Todavia, escrever só sua arqueologia, não é uma forma de atuar no mundo como sujeito-histórico de transformação. Para se tornar um escritor é necessário não só interpretar o mundo, mas também transformá-lo, como pretende Marx sobre o papel do filósofo. E só uma consciência engajada conhecedora do mundo burguês com suas leis e valores dominantes de classe pode ser tomada como escritora. Por tal, não existe escritor-burguês, visto que escrever não é colocar o já posto. Ou seja, realizar a recognição das estruturas do mundo burguês o que confirma somente o trabalho protetor da conservação do já tido como verdade de classe. Na verdade, uma atividade reacionária de guarda costa da sociedade capitalista.

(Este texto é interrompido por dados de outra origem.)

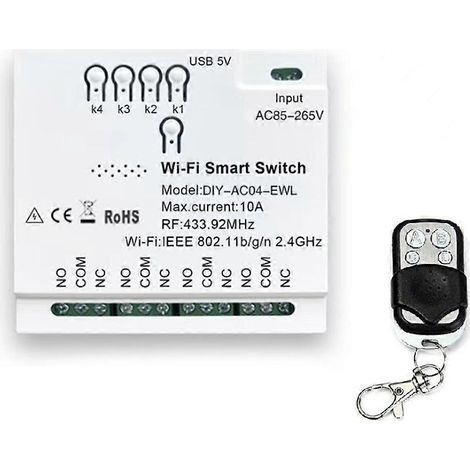 Module domotique EWeLink WiFi Smart Switch RF433 85-265V WiFi Smartlife pour porte de garage et rideaux (1/5)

O que faz o alcunhado escritor burguês.
Portanto, escrever é criar variáveis-literárias que nascem pela leitura feita,pelo escritor, acima das palavras e sentenças da linguagem cotidiana, como diria o filósofo Foucault. Atuar no mundo semiótico propondo uma nova simbólica no simbolismo do mundo-objetivo. O filósofo-escritor Victor Leandro, já em outros escritos seus, confirmou seu entendimento sobre essa a necessidade do engajamento do escritor como sujeito-histórico de seu tempo. O que o faz um concebedor-literário universal. O que sabe que embora uma obra-literária tenha gênese-regional ela é um corpus universalizado.
No contexto dos gêneros literários, o livro de Victor Leandro, O Artista do Fracasso, se movimenta como novela. Ao contrário do conto, como mostram os filósofos Deleuze e Guattari, que leva o leitor ao estado ansioso da pergunta o “que acontecera?”, a novela é “organizada em torno da questão: “Que se passou? Que pode ter acontecido?””. O personagem se mostra em uma duplicação. Ele tanto pode ser a primeira pessoa como a segunda. A primeira que descreve o conteúdo e a segunda que é tratada por si mesmo no tema fundante: anseios não definidos.

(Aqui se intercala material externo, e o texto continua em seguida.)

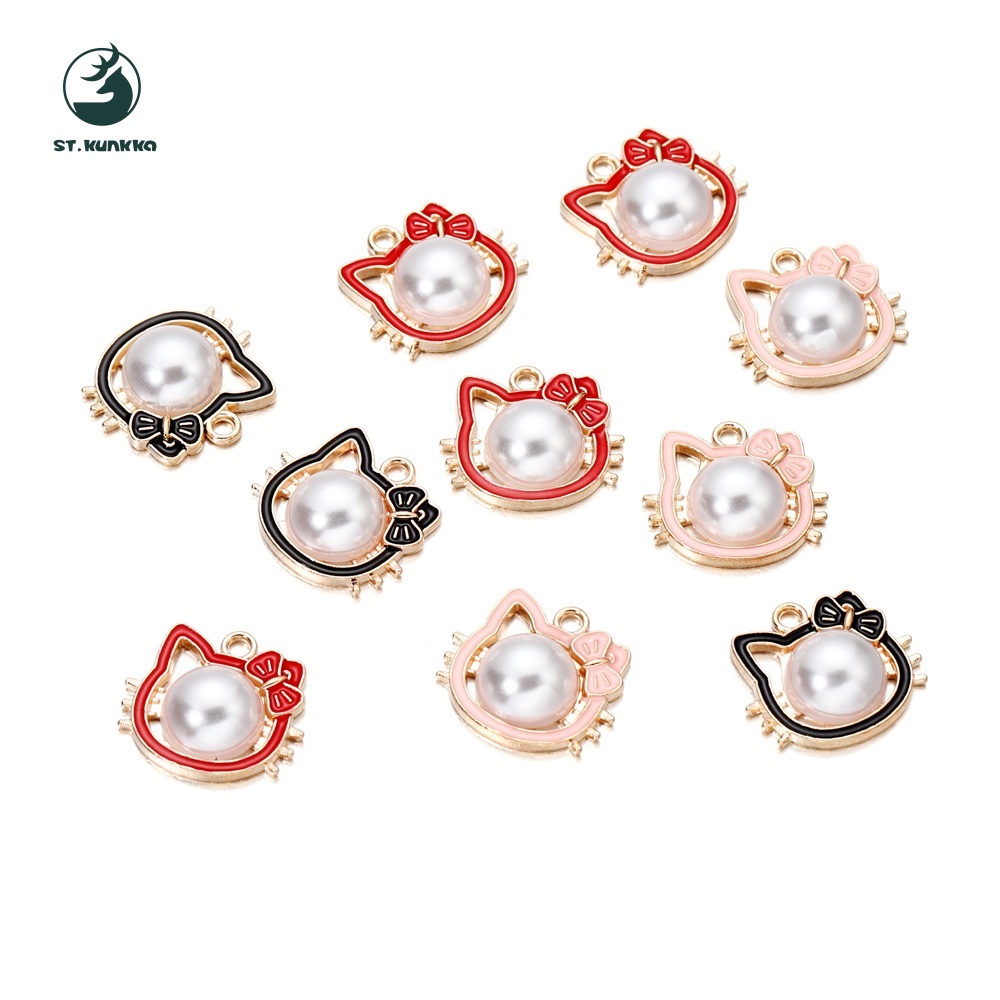 5 Mặt vòng cổ St.kunkka phối hình mặt mèo đính ngọc trai tùy chọn màu sắc DIY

Na duplicação, o real é sempre abandonado pela ilusão, como afirma o filósofo Clément Rosset. Ao mesmo tempo em que o personagem busca um sentido para sua existência através das ofertas do sistema do mundo literário, como sucesso, glamour, respeitabilidade, ele tenta negar essa necessidade para ser feliz. Trata-se de dois EUs. Um que quer se afirmar como escritor e outro que tenta negar essa afirmação com o recurso da crítica: o Artista do Fracasso é crítico de si mesmo como fabulação. O duplo é uma forma de escapar do real, no seu caso, seu Eu verdadeiro, percebe-se, através do sentido do fracasso que ele persegue, que o duplo é que é o real. O duplo sabe que o mundo literário-burguês é uma insuportável futilidade cujo único objetivo é envernizar os valores-molares para manter a alucinação e o delírio de que ele é único e necessário.

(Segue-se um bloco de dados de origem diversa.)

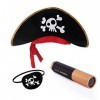 Chapeau Pirate Cache-Oeil Capitaine Télescope pour Enfants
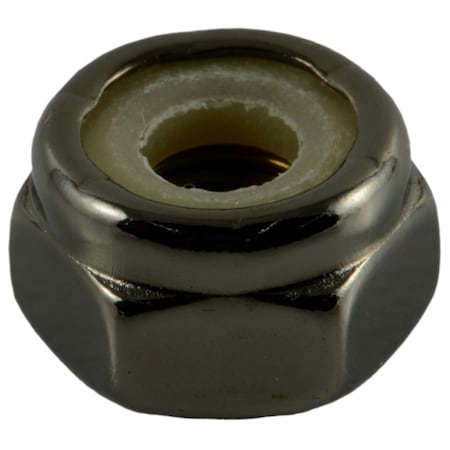 Midwest Fastener Nylon Insert Lock Nut, #10-32, Steel, Black Chrome, 10 PK 34131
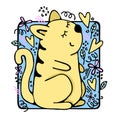 Hand drawn cartoon cat illustration. Cute and playful kitten with plants, hearts and design elements.
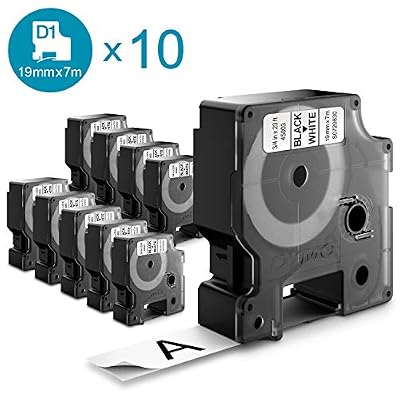 DYMO Authentic D1 étiquettes autocollantes, impression en noir sur fond blanc, 19mm x 7 m, pour imprimantes d'étiquettes LabelManager, 10 rouleaux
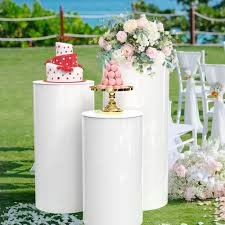 Photo 1 of 3Pcs Cylinder Pedestal Stand, Pedestal Display Stand, Round Cylinder Tables Dessert Display Stand, White Cylinder Stand for Wedding Baby Shower Birthday Event Decor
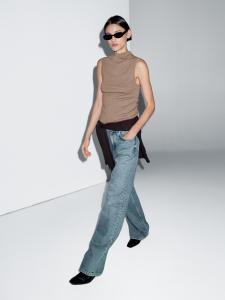 Топ с воротником-стойкой из 100% хлопка Massimo Dutti, Mink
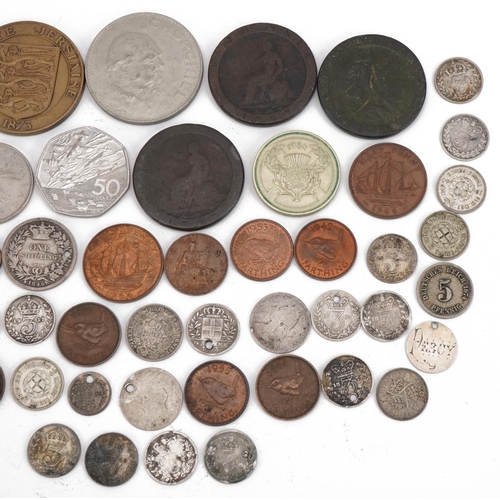 1581 - 18th century and later British and world coinage, some silver, including threepenny bits and pennies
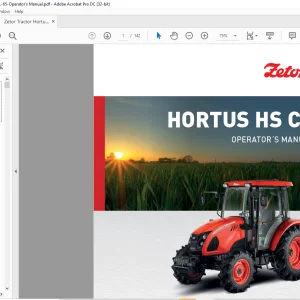 Zetor Tractor Hortus HS CL 65 Operator's Manual - PDF DOWNLOAD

O personagem. envolvido por suas divagações, elucubrações e questionamentos vai tecendo o sentido do fracasso. Mas não um fracasso significativo do mundo burguês, mas o fracasso de entender a si mesmo como quem só blefou durante sua existência. Até mesmo no momento em que acredita ter se apaixonado e ter realizado o intercursos sexual com o fito de querer uma prova que sua existência teria sentido. Mesmo a separação brusca e grave da companheira, não passa de mais um lance de seu auto-jogo fracassante.
Se nos apoiarmos no que afirma o filósofo Heidegger, que o questionamento implica um já saber, não houve fracasso e nem tentativa de fracassar e, muito menos, a produção do fracasso pela força desatinada do mundo literário. O escritor, não o Victor Leandro, mas o personagem, a priori sabia de tudo. A angústia que ele tenta apresentar quando depois de 20 anos é convidado para uma premiação, esta a razão da viagem, é claramente mais uma peça do blefe. Ele sabia que não ia ser premiado. O diálogo-monólogo durante todo itinerário da novela que ocorre em uma viagem é literariamente um passeio-fantástico, mesmo povoado de ideias e objetos do mundo real. Não existe melhor lugar para fantasiar do que voando, poderia dizer Freud em referência-onírica ao medo de cair. Contabilizar a vida é horrível, diz Deleuze. O que o personagem faz voando em uma descrição talentosa de Victor Leandro que leva o leitor ao encontro da resposta da pergunta:O que terá acontecido?”.
Essas considerações-literárias sobre o livro O Artista do Fracasso, de Victor Leandro, não deve ser tomada como uma crítica-literária, visto que em função de nosso engajamento como responsabilidade pela existência, sabermos que o crítico é um personagem asqueroso, parasitário, fantasioso e sordidamente capacho, e, muitas vezes, inculto. O que o escritor-filósofo descreve muito bem em sua obra.
No mais, é só adquirir o livro e se deleitar com a pedagogia do fracasso que Victor Leandro traça novelando.